Now not getting the script picked-up didn’t bother me. Having a script commissioned for television is a massive long shot. There are so many hoops it has to jump through and if it fails just one then the entire project is screwed. I was under no illusions. 

Also, development work is valuable even if it doesn’t lead to anything. It gets your name about, gets you writing and at the end you still have a finished script you can hopefully be proud of. But the reason of it being ‘too intellectual’, especially as it was no more so than say an episode of Cheers (although not as funny), did bother me… a lot.

So you could say I was somewhat disappointed but certainly not angry or bitter. That came after what happened next.

So a few weeks go by and, like a guilty ex, I get another phone call from BBC Scotland asking if I could come in for meeting about my script.

‘But I thought it was deemed too intellectual for television?’

‘Oh, it’s different this time. We’ll explain when you come in.’

So I arrive at Pacific Quay where I am told that they want to pitch my sitcom to BBC Two network down in London.

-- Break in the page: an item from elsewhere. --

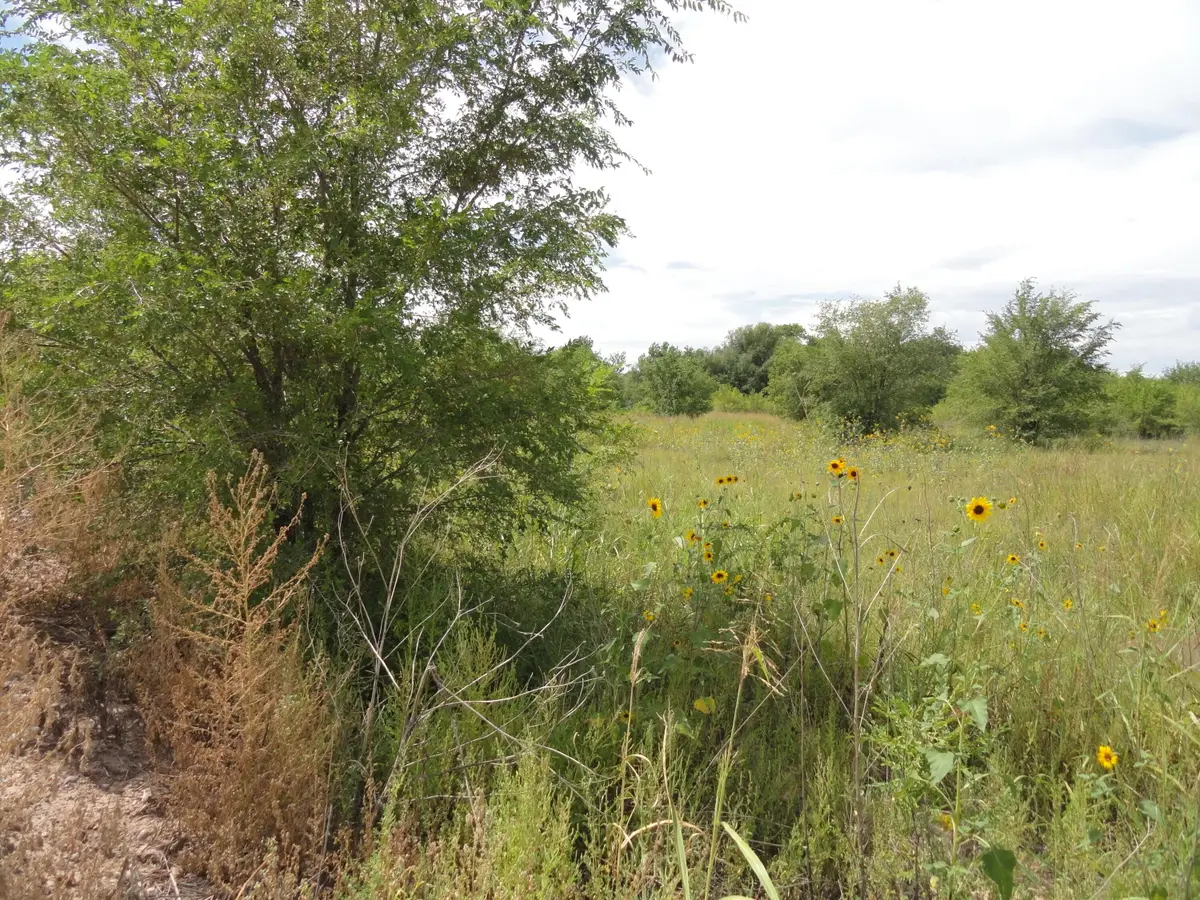 Molina Road, Peralta, NM 87042 - #1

‘Cool!’ I said, although being under fewer illusions now as having the script commissioned by BBC Two was an even longer shot than getting picked up by BBC Scotland. ‘But I thought you said my script was too intellectual for television?’

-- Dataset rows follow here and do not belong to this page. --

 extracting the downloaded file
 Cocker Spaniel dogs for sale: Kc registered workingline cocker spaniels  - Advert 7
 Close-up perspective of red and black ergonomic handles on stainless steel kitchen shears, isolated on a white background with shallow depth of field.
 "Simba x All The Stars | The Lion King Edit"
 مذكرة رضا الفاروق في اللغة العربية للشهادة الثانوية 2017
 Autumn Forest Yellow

‘Oh, that was only in regards to BBC Scotland and Ewan Angus [its commissioning editor for television]. This time we want to pitch it to BBC Two in London because English people are more, shall we say… "comfortable" with intelligent comedy. They feel less threatened by it.’

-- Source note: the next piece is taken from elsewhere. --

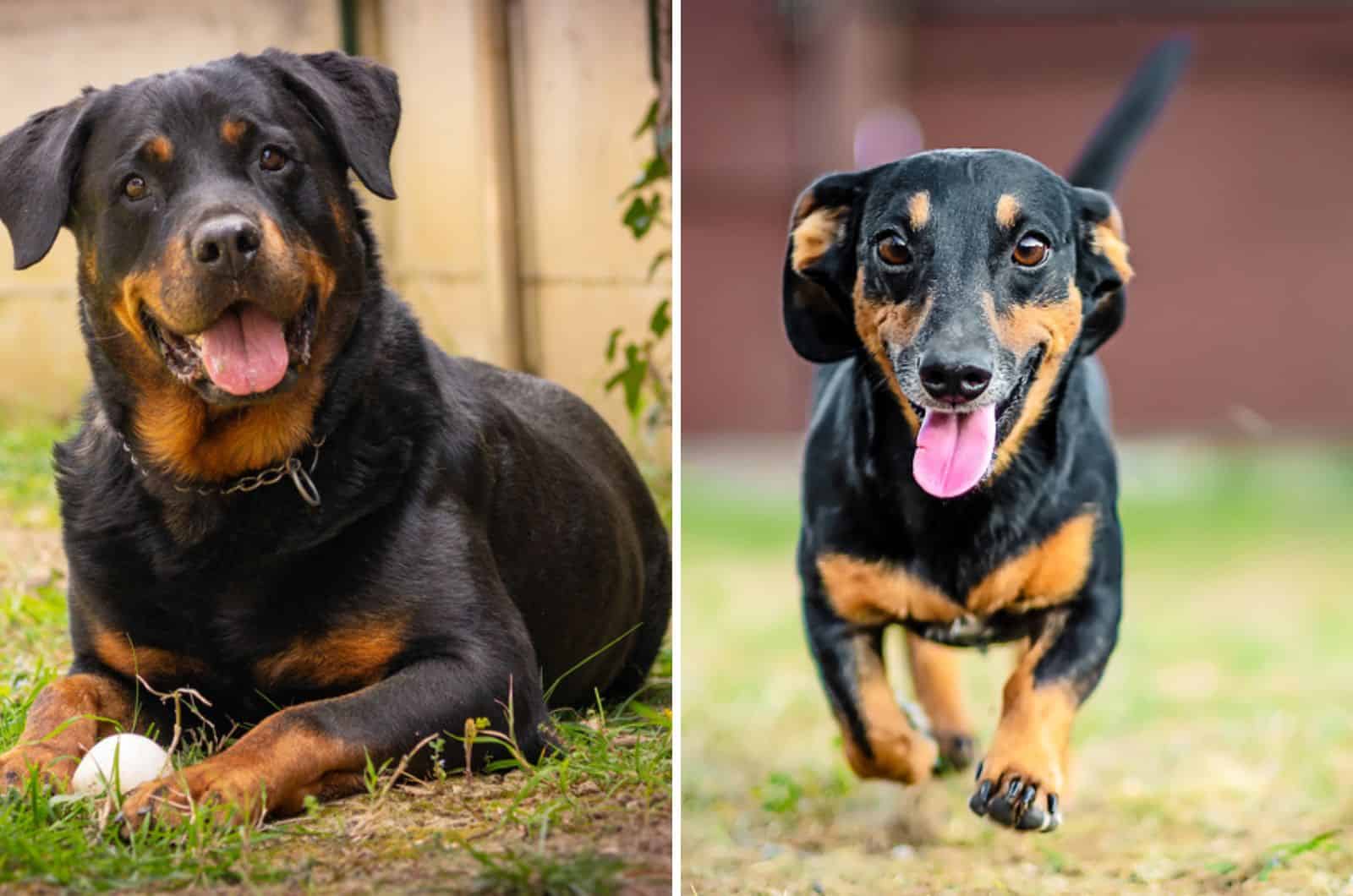 Rottweiler Mixes PupVine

‘Hang on!’ I immediately interjected, ‘Are you saying that, according to BBC Scotland, English people are more intelligent than Scottish?’

The exec I was talking to sighed, leaned forward, and explained to me that according BBC Scotland that ‘Scottish people’ are more working class and less educated than English people and, therefore, would feel intimidated and patronised if they watched a sitcom that mentioned philosophers, whereas English people can cope with more ‘cerebral’ comedy without feeling as though they’re being made to feel stupid. 

So if I was going to pitch a script to BBC Scotland then I would have to make sure it was Glasgow, preferably male-centric and with no references to anything that could be construed as ‘intellectual’ or cultured otherwise it would get immediately discarded.

I was left stunned and, depressingly, vindicated as I had always had the suspicion something like this had been going. But it also meant I was living in a country whose national broadcaster appeared to have absolutely zero respect or regard for its own population.

You see, despite all the cries of ‘we only want working class comedy (whatever the fuck that actually means!) because Scotland is working class’ is the fact that you’d be hard-pushed to find anyone at BBC Scotland who actually IS working class! They’re either all highly educated Scots or, more often than not, have been flown up from England to meet various quotas. 

BBC Scotland producers are basically the media equivalent of those middle-class students you’d see at parties drinking Buckfast ‘ironically’. You know, the ones in beanie hats who make you think Pulp wrote Common People in vain as they laughingly guzzle their class-warfare juice knowing that they can do so without ever having to be exposed to the actual reality that drives the oppressed to alcohol in the first place. BBC Scotland producers and these students are basically the same…

And despite BBC Scotland’s protestations that the Scottish populace is ‘uneducated’, the simple fact of the matter is that, for example, during the Independence referendum the ‘average person’ on the street was engaging in a level of intelligent discourse that was far more informed and nuanced than anything BBC Scotland put out over that period. 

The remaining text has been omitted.